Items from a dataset
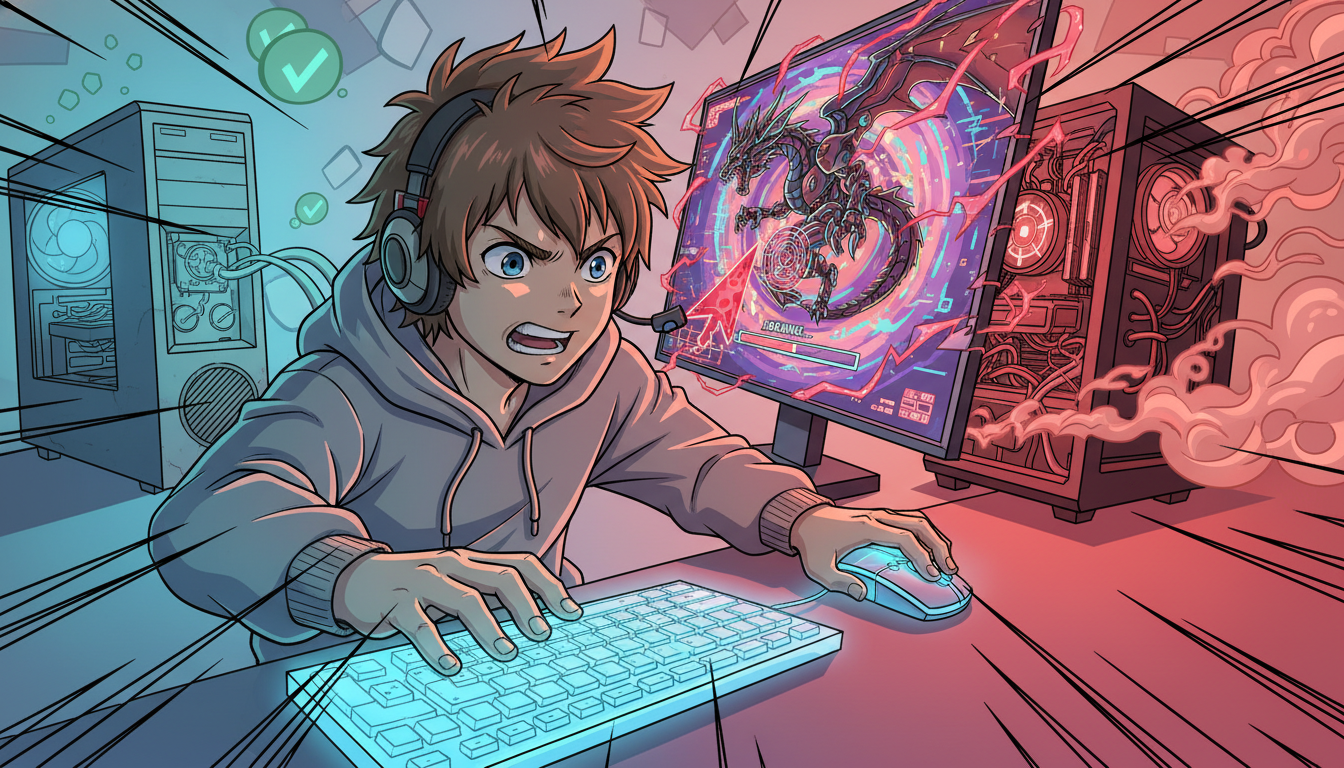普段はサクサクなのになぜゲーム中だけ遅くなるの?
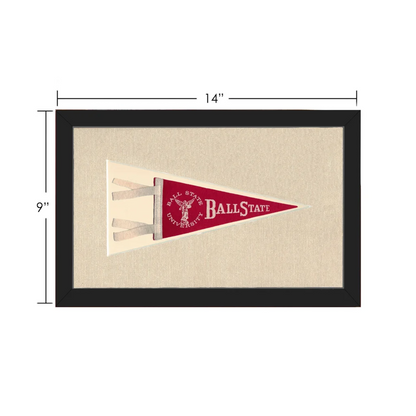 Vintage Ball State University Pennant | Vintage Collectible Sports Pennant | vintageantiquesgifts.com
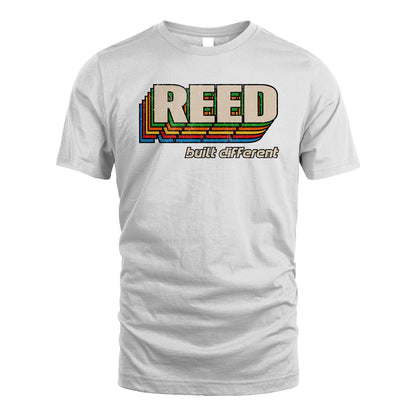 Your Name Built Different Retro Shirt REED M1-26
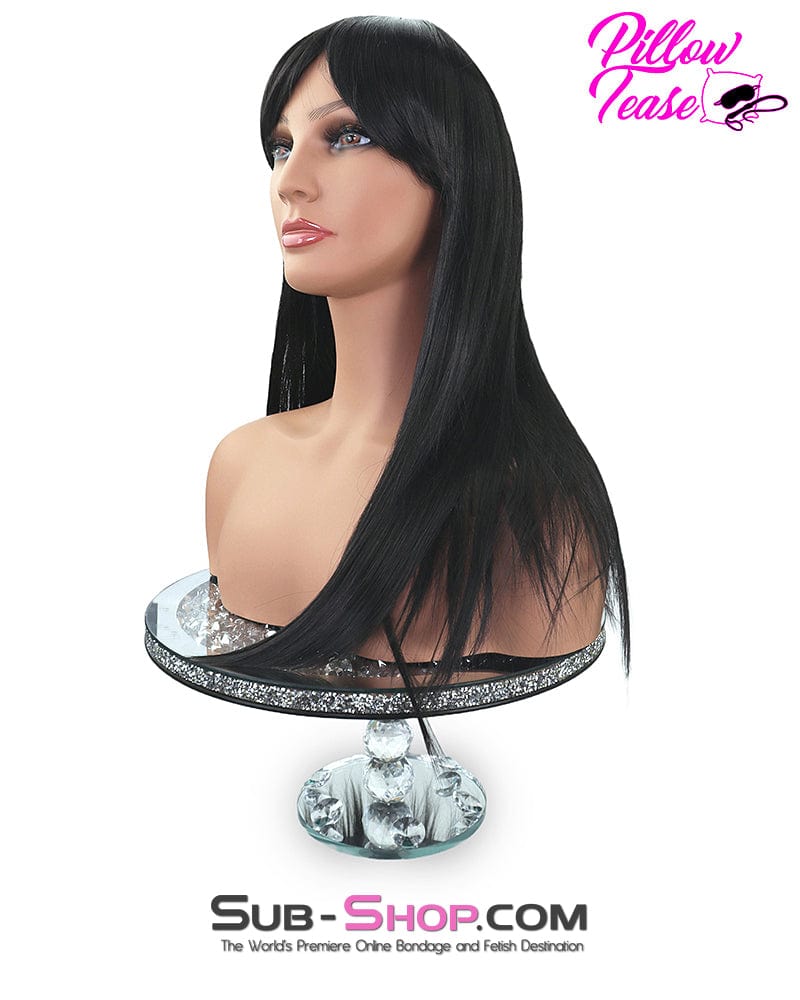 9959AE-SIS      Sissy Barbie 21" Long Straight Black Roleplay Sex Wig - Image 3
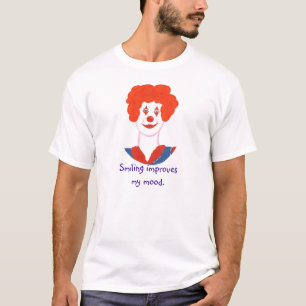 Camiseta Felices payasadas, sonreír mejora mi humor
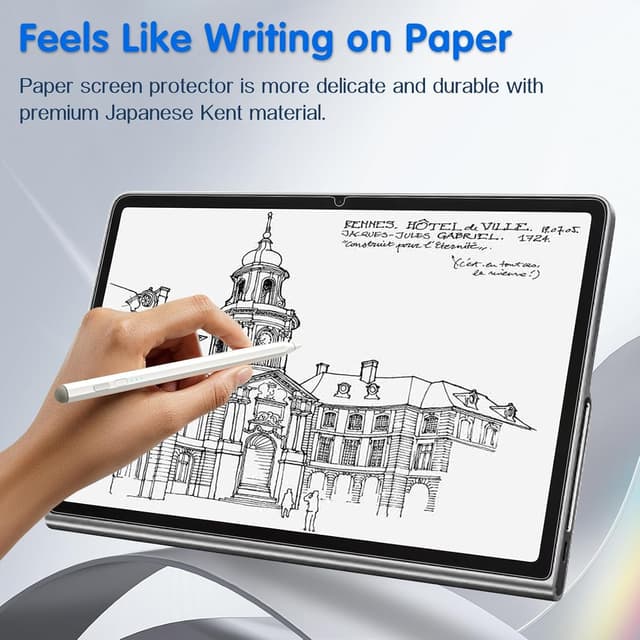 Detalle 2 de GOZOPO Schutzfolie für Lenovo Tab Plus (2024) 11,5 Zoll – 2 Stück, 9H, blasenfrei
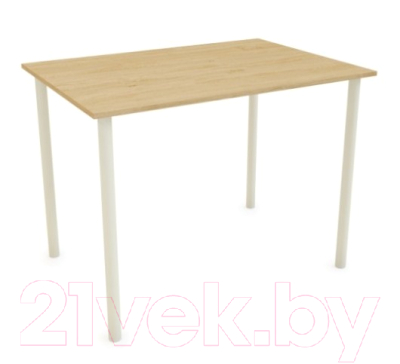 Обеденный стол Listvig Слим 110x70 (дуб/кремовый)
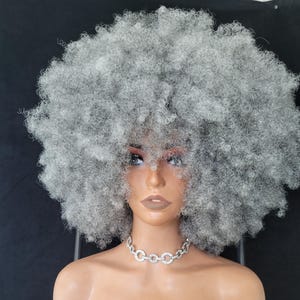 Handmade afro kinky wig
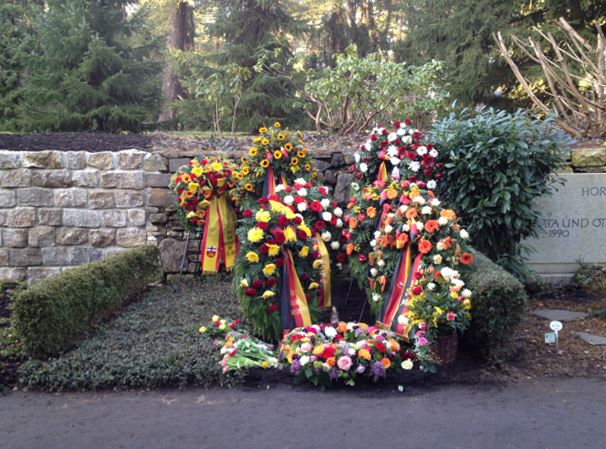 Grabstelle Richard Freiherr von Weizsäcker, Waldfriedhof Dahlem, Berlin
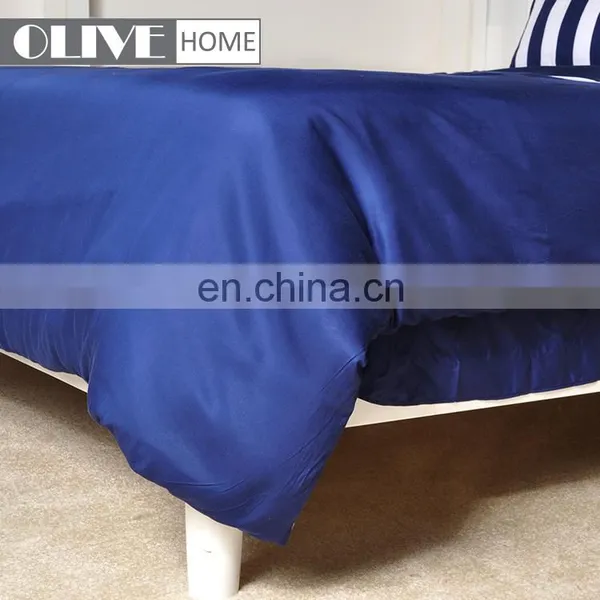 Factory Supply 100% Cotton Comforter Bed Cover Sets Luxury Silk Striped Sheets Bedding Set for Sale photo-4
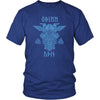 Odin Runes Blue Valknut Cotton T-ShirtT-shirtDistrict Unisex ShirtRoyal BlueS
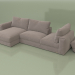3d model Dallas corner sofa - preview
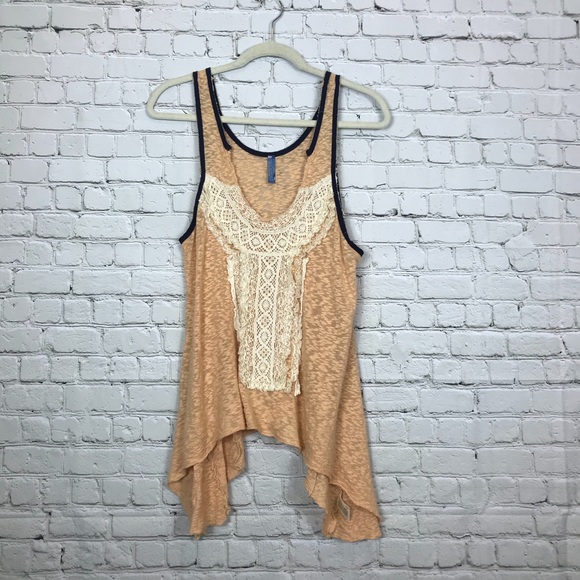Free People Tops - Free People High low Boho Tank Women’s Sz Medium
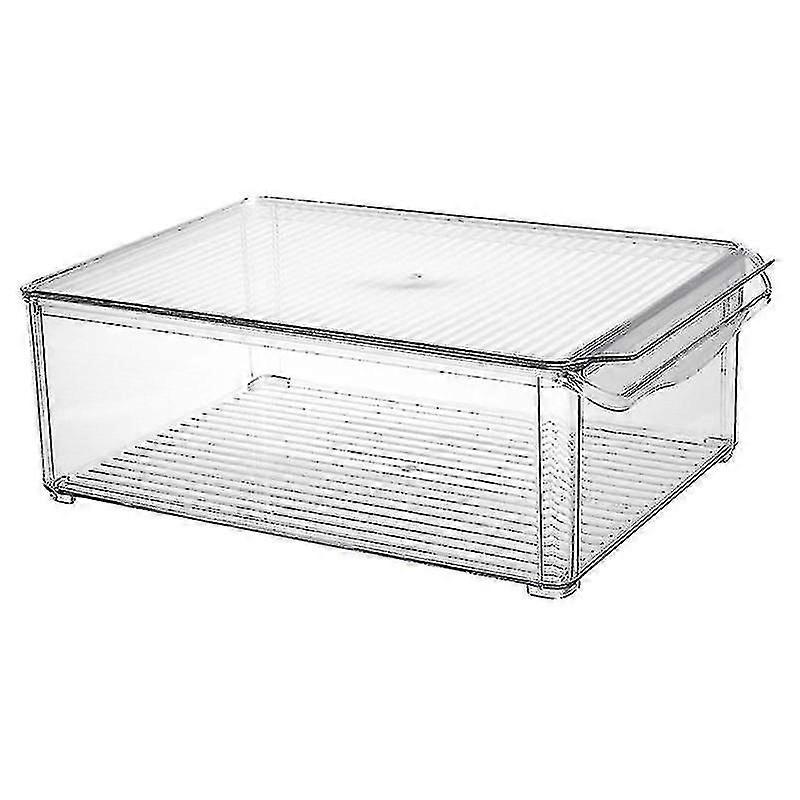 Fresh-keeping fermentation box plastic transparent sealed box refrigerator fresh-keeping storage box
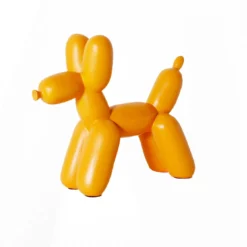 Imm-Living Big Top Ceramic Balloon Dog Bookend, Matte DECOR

> _Work to be completed_:
Give back every record exactly, dropping its pictures.

> _Result_:
普段はサクサクなのになぜゲーム中だけ遅くなるの?
 Vintage Ball State University Pennant | Vintage Collectible Sports Pennant | vintageantiquesgifts.com
 Your Name Built Different Retro Shirt REED M1-26
 9959AE-SIS      Sissy Barbie 21" Long Straight Black Roleplay Sex Wig - Image 3
 Camiseta Felices payasadas, sonreír mejora mi humor
 Detalle 2 de GOZOPO Schutzfolie für Lenovo Tab Plus (2024) 11,5 Zoll – 2 Stück, 9H, blasenfrei
 Обеденный стол Listvig Слим 110x70 (дуб/кремовый)
 Handmade afro kinky wig
 Grabstelle Richard Freiherr von Weizsäcker, Waldfriedhof Dahlem, Berlin
 Factory Supply 100% Cotton Comforter Bed Cover Sets Luxury Silk Striped Sheets Bedding Set for Sale photo-4
 Odin Runes Blue Valknut Cotton T-ShirtT-shirtDistrict Unisex ShirtRoyal BlueS
3d model Dallas corner sofa - preview
Free People Tops - Free People High low Boho Tank Women’s Sz Medium
 Fresh-keeping fermentation box plastic transparent sealed box refrigerator fresh-keeping storage box
 Imm-Living Big Top Ceramic Balloon Dog Bookend, Matte DECOR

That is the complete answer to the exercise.